Question

If an LED has to emit \[662nm\] wavelength of light, then what should be the band gap energy of its semiconductor? \[h = 6.62 \times {10^{ - 34}}Js\]

Answer 1

Hint: Band energy gap is given by the relation \[E = \dfrac{{hc}}{\lambda }\]

Complete step by step solution:
Here, the wavelength of the LED \[\lambda = 662nm\]
\[ \Rightarrow \lambda = 662 \times {10^{ - 9}}\,m\]
Band Energy gap \[E = \dfrac{{hc}}{\lambda }\]
Where, h is the Planck’s constant whose value is \[6.62 \times {10^{ - 34}}Js\] and c is the velocity of light whose value is given by \[3 \times {10^8}\,m/s\]
Putting the given values in the above equation, we get
\[E = \dfrac{{6.62 \times {{10}^{ - 34}} \times 3 \times {{10}^8}}}{{662 \times {{10}^{ - 9}}}} = 3 \times {10^{19}}\,V\]
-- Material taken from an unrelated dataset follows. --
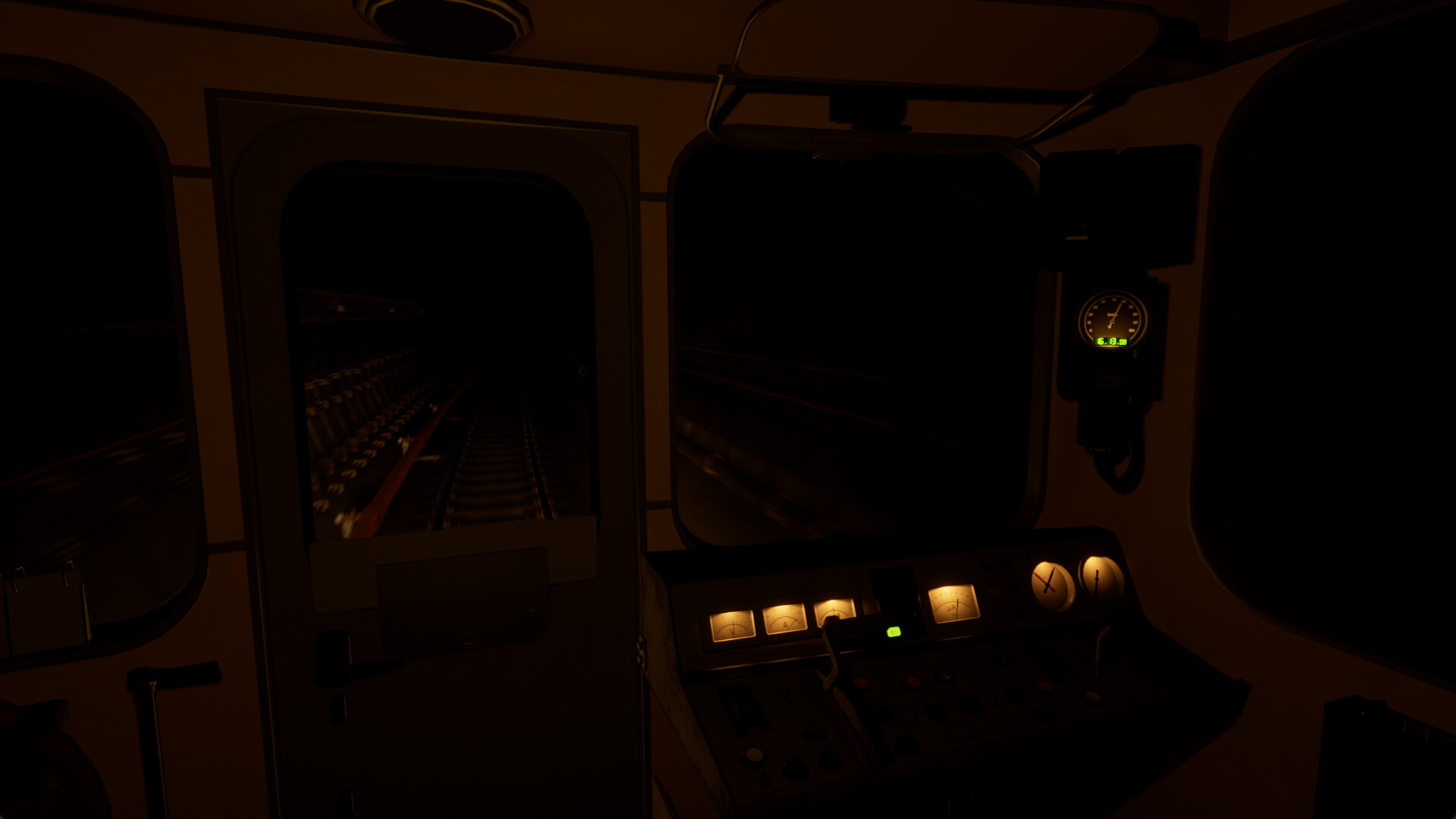 Back in Service: A Metro Driver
Hence, the band gap energy of its semiconductor is \[3 \times {10^{19}}\,V\]

Additional Information:
Band gap is a range of energy levels within a given crystal that are impossible for an electron to possess. Generally, a material has several band gaps throughout its band structure. A band gap is the distance between the valence band of electrons and the conduction band. The band gap represents the minimum energy that is required to excite an electron up to a state in the conduction band where it can participate in conduction. If there is a gap between the valence band and the higher energy conduction band, energy must be given for electrons to become free. The size and existence of this band gap gives the difference between conductors, insulators and semiconductors. Semiconductors and insulators may be identified by the size of their band gaps, the former having narrower band gaps and the latter having wider band gaps.

Note: Metals have high electrical conductivity due to their lack of a band gap. There is no band gap separating the valence band in metals from the conduction band. A small fraction of free electrons will always be in the conduction band. This results in a superior electrical conductivity in metals.